**What you have to do**
Every line in the records below between the one holding "Gold on Silver Cuff" and the one holding "Spray Nasal Simply", inclusive, is to be set down exactly; all other lines are to be left out.

**Provided records**
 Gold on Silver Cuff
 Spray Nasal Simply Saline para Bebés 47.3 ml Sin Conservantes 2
---
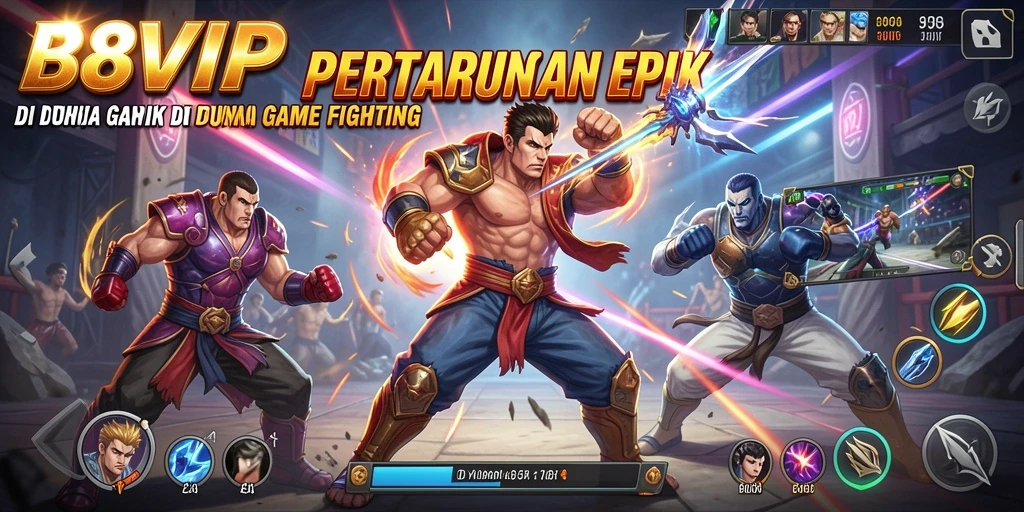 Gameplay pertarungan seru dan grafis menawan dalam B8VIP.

**Task answer**
 Gold on Silver Cuff
 Spray Nasal Simply Saline para Bebés 47.3 ml Sin Conservantes 2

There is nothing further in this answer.